Enormous black hole in Milky Way galaxy appears to be hungry
The supermassive black hole at the center of the Milky Way galaxy is suddenly gorging on interstellar snacks, according to researchers, who can’t explain why it’s suddenly so hungry.
“We have never seen anything like this in the 24 years we have studied the supermassive black hole,” said UCLA professor Andrea Ghez, co-senior author of the study, published in Astrophysical Journal Letters. “It’s usually a pretty quiet, wimpy black hole on a diet. We don’t know what is driving this big feast.”
Black holes enjoy meals of cosmic dust and gas, sometimes stolen from stars. Their seemingly limitless consumption of space matter causes an immense amount of energy (radiation) to be emitted from the vortex, which gives the black hole its signature ring of light.

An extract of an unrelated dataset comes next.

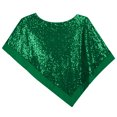 thumbnail image 6 of Elegant Women's Sequin Poncho Cape Sparkly Evening Party Shawl, Irregular Dress Up Shawl Wrap, 6 of 6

On May 13, the team of researchers discovered that the glowing area around the black hole’s event horizon — the “point of no return” — was suddenly shining twice as bright. Ghez calls the finding “unprecedented,” and scientists question whether the phenomenon marks a singular event or the beginning of a new phase for the galactic behemoth.
“The big question is whether the black hole is entering a new phase — for example, if the spigot has been turned up and the rate of gas falling down the black hole ‘drain’ has increased for an extended period — or whether we have just seen the fireworks from a few unusual blobs of gas falling in,” said UCLA professor and co-senior author Mark Morris.
Our nearest black hole, called Sagittarius A* or Sgr A*, was so unusually bright that lead author Tuan Do initially mistook it for nearby star S0-2. They now hypothesize that the sudden burst of brightness may have been caused by S0-2’s recent brush with the celestial vacuum in 2018. A similar theory involving an interstellar object known as G2, thought to be two stars stuck together, may have similarly been stripped of star matter during a run-in with Sgr* A in 2014.
Morris adds that the rare pyrotechnics may also have been just a few tasty asteroid morsels who crossed paths with Sgr A*.
Researchers assure that our nearest black hole is still not hungry enough to threaten humanity. At some 26,000 light years away, Do says the light they observed would have to be 10 billion times brighter to impact life on Earth.
Earlier this summer, the same UCLA team showed how the recent interactions between S0-2 and the black hole support Albert Einstein’s 1915 theory of general relativity.